Jinghui Zhang ’12, a psychology major, presented her thesis on intergroup behaviors during the morning session at the Campus Center.
“I think the audience was really amazed to know how much Smith has provided for an undergraduate to achieve in the field of scientific research,” said Zhang, who worked extensively with faculty from the psychology department.
“The awesome mentorships that Smith and the psychology department have given to me are far beyond my imagination when I first walked into this campus three years ago. They have shaped who I am now, and will continue to influence who I am going to be,” she said.
Projects from the Archives Concentration were presented after the science session. All projects were derived from classwork with Susan Van Dyne, professor of the study of women and gender.
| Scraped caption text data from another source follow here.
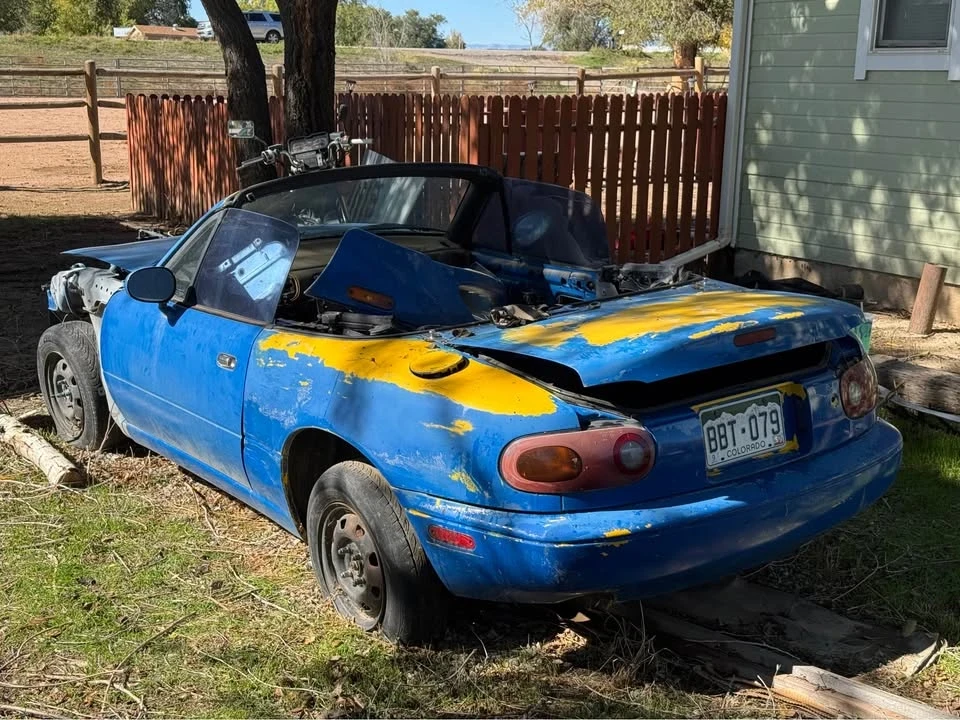 1990 Mazda NA MX-5 Miata - Image 15 of 19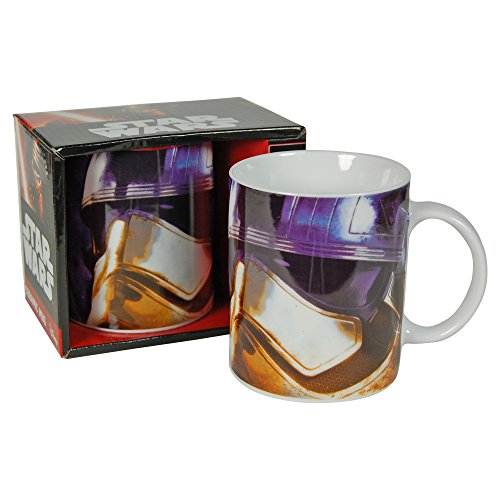 Star Wars VII - Captain Phasma Keramiktasse von Zak Designs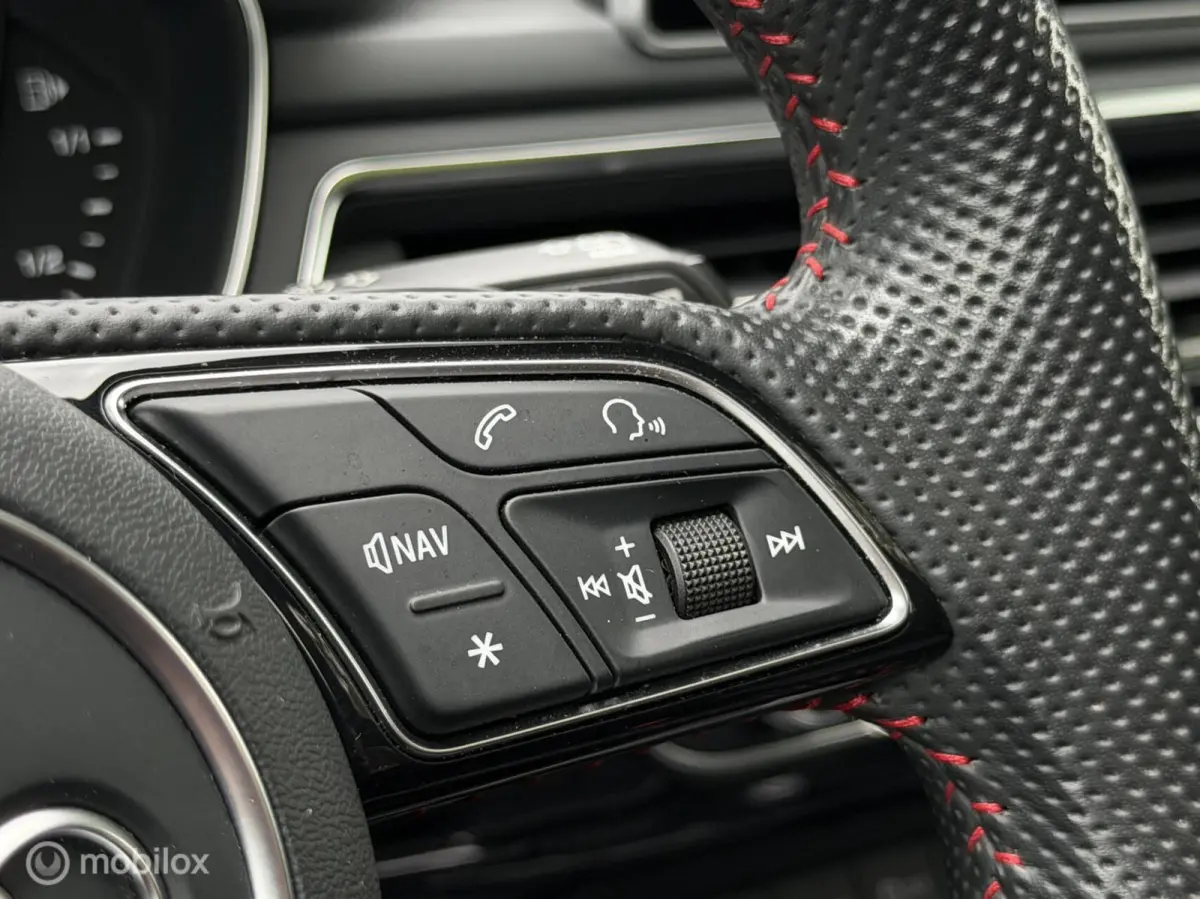 1.4 TFSI 3x S-line|Pano|leder|B&O|virtual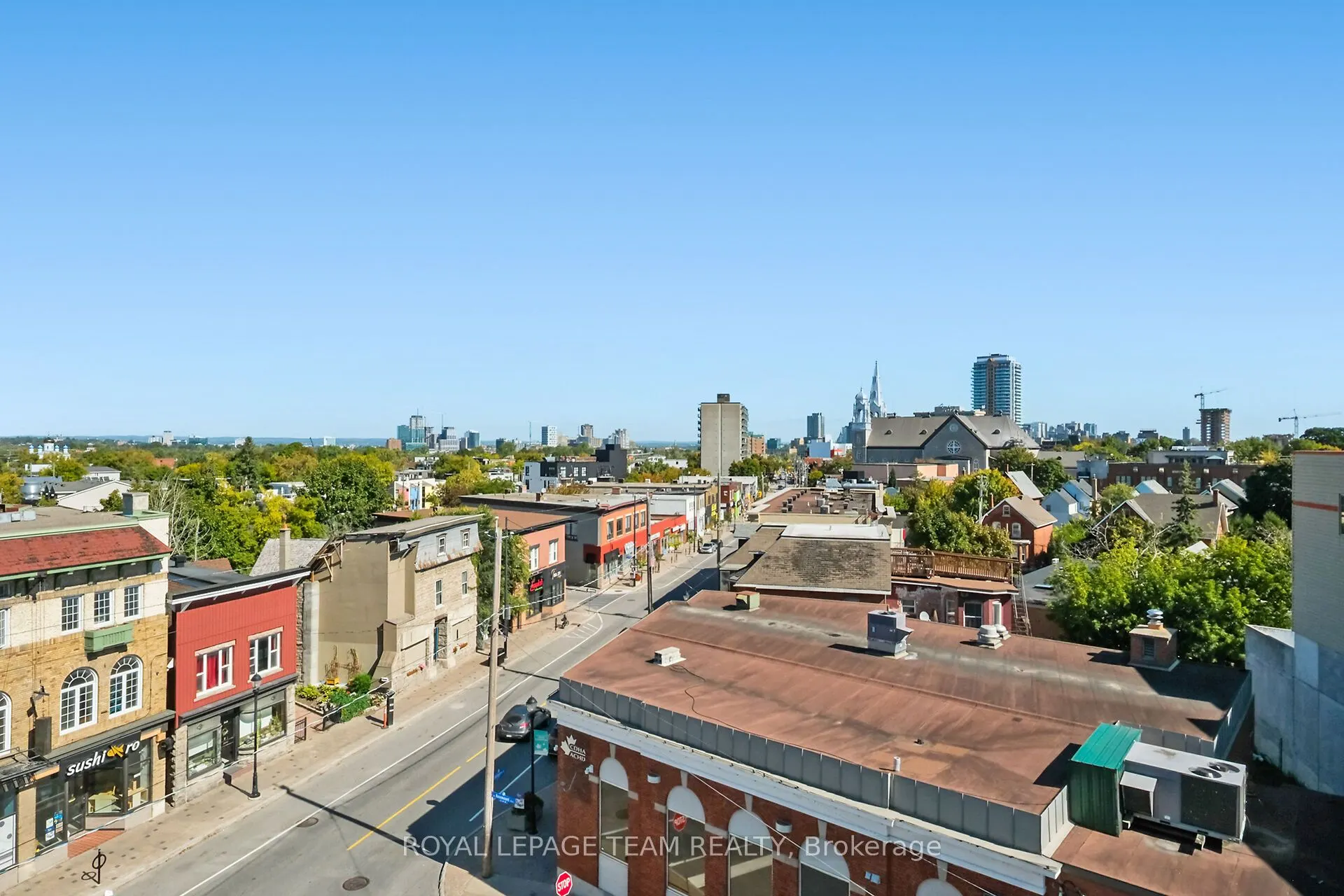 10 Rosemount Avenue, #501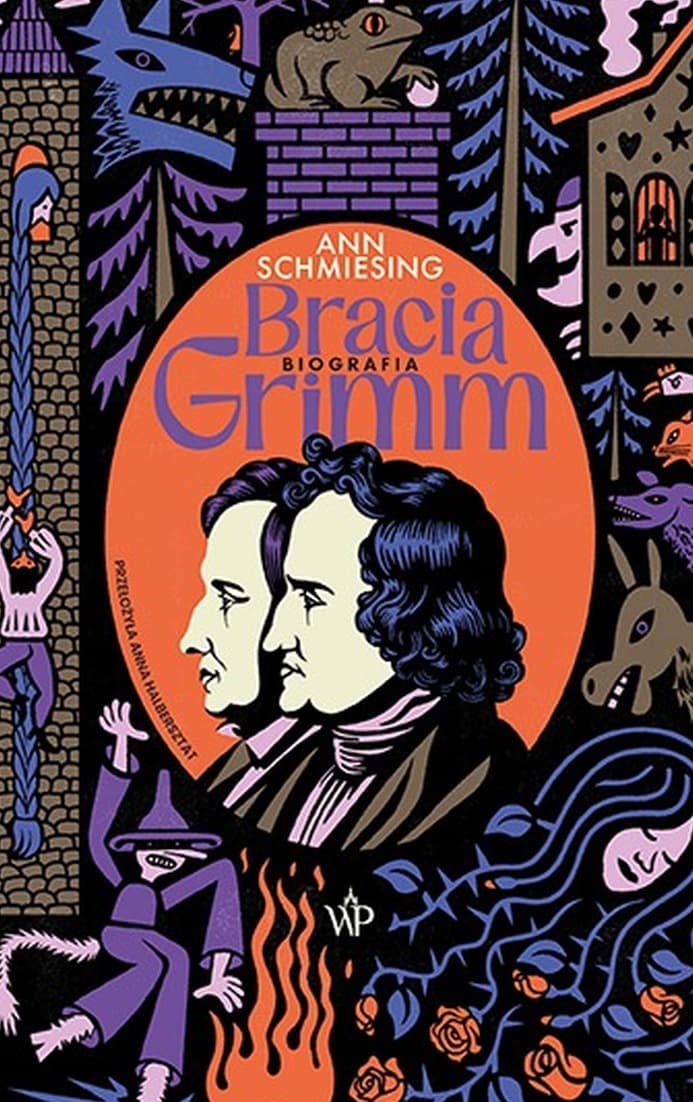 Bracia Grimm. Biografia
Following the conclusion of the morning session, a campus-wide lunch was held on Chapin Lawn along with a performance by the Smith College Jazz Ensemble.
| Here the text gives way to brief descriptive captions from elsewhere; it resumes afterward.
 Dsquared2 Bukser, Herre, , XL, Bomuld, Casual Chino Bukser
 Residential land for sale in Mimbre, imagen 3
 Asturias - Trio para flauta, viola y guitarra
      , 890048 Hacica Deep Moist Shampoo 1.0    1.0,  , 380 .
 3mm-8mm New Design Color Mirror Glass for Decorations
Several concurrent sessions were held in the afternoon at Seelye. Students taking classes with Jessica Nicoll, director and chief curator of the Smith College Museum of Art, presented their classwork to the audience at the same time.
Celebrating Collaborations ended with a final recital at Sage Hall. Selected music students and faculty formed a small ensemble and played pieces by Leonard Bernstein, John Cage, Claude Debussy and others.
Celebrating Collaborations is also a time for students who worked for the Smithsonian during the fall semester to present their experiences in Washington, D.C. Four Smith students talked about their respective projects, followed by a panel discussion moderated by the director of the Smithsonian program.
“The room was packed,” said Charlotte Helmer ’13, an architecture major and economics minor, who gave a 10-minute presentation on the past and future of Smithsonian architecture.
“For us, it was really nice to celebrate something we spent a lot of time on in the past, and dust them off and look back on them,” said Helmer. “One of the great things of Collaborations is that it bridges the differences between people who have done these projects in the past and who would probably do them in the future.”
“Most Collaborations projects involve not only multiple students and faculty members, but also multiple fields – biology and geology, Russian studies and comparative literature, engineering and computer science, economics and sociology, architecture and environmental policy,” said Kara Noble, project publicity administrator for the Kahn Institute.
“The combinations of disciplines reflected in the projects are wide ranging and really reflect how Smith encourages students to think across fields, to look for many types of connections in scholarship,” she said.